Connections#


A connection defines the information required to connect to an external system. Rather than providing these details repeatedly in every pipeline that accesses the same system, a connection can be created to store those details centrally and reused across multiple pipelines.

Creating a new connection#

To create a new connection and add it to Control Hub, use the streamsets.sdk.sch_models.ConnectionBuilder class. Use the streamsets.sdk.ControlHub.get_connection_builder() method to instantiate the builder object.

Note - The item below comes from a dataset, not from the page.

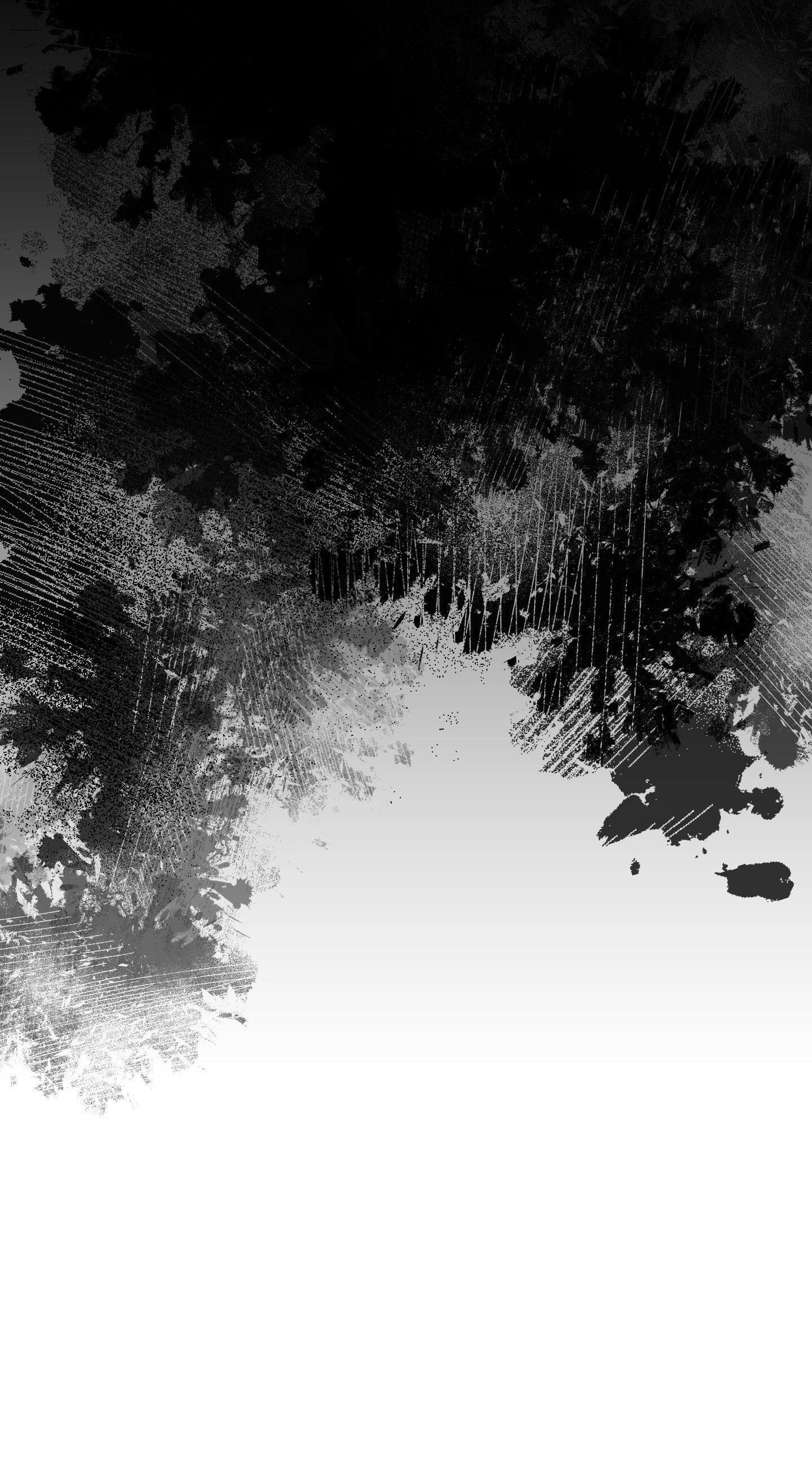 ái tình tự tâm chapter 54 46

The streamsets.sdk.sch_models.Connection object can then be passed to the streamsets.sdk.ControlHub.add_connection() method to be published in Control Hub:

connection_builder = sch.get_connection_builder()
data_collector = sch.data_collectors.get(url='http://localhost:18630')
connection = connection_builder.build(title='s3 connection dev',
                                      connection_type='AWS_S3',
                                      authoring_data_collector=data_collector)
connection.connection_definition.configuration['awsConfig.awsAccessKeyId'] = 123
connection.connection_definition.configuration['awsConfig.awsSecretAccessKey'] = 456
sch.add_connection(connection)

Please refer to the Control Hub documentation for the available connection types and various configurations.

Retrieving connections#

Retrieving connections from Control Hub is a simple task. You can reference streamsets.sdk.ControlHub.connections to retrieve all existing connections. Likewise, you can further filter the available connections on attributes like name, connection_type and id:

sch.connections

# Retrieve all connections with JDBC type
sch.connections.get_all(connection_type='STREAMSETS_JDBC')

Output:

# sch.connections
[<Connection (id='25dc5a92-a01c-4fef-979c-824000053396:admin',
 name='s3 connection dev',
 connection_type='STREAMSETS_AWS_S3')>]

# sch.connections.get_all(connection_type='STREAMSETS_JDBC')
[<Connection (id=6b8d75e2-7595-48ac-a6d2-cade5cafcc42:admin, name=Test, connection_type=STREAMSETS_JDBC)>,
 <Connection (id=3afe2ce6-db7d-4c05-a6b0-1ab2b667ea67:admin, name=test mysql connection, connection_type=STREAMSETS_JDBC)>]

Updating a connection#

To update a connection, first retrieve the streamsets.sdk.sch_models.Connection object you wish to update. You can make modifications to attributes like the name or various connection-specific configurations. Once you’ve made the desired changes, use the streamsets.sdk.ControlHub.update_connection() method to push the updated connection to Control Hub:

connection = sch.connections.get(name='s3 connection dev')
connection.connection_definition.configuration['awsConfig.awsAccessKeyId'] = 234
connection.connection_definition.configuration['awsConfig.awsSecretAccessKey'] = 567
connection.name = 's3 connection prod'
sch.update_connection(connection)

Deleting a connection#

To delete a connection, first retrieve the streamsets.sdk.sch_models.Connection object you wish to delete, and then pass it to the streamsets.sdk.ControlHub.delete_connection() method:

connection = sch.connections.get(name='s3 connection prod')
sch.delete_connection(connection)

Using a connection inside a pipeline#

After building a connection and adding it to Control Hub, the connection is available for use within a pipeline. To add a connection to a pipeline, the steps are almost identical to building a normal pipeline - retrieve a streamsets.sdk.sch_models.DataCollector instance to use as an Authoring Data Collector (if desired), retrieve the streamsets.sdk.sch_models.Connection instance to add to the pipeline, instantiate a streamsets.sdk.sch_models.PipelineBuilder object to build the pipeline with, add and configure some stages for the pipeline, and then finally add the connection and publish the pipeline:

# Retrieve a Data Collector instance to use as the Authoring Data Collector (optional)
data_collector = sch.data_collectors.get(url='http://localhost:18630')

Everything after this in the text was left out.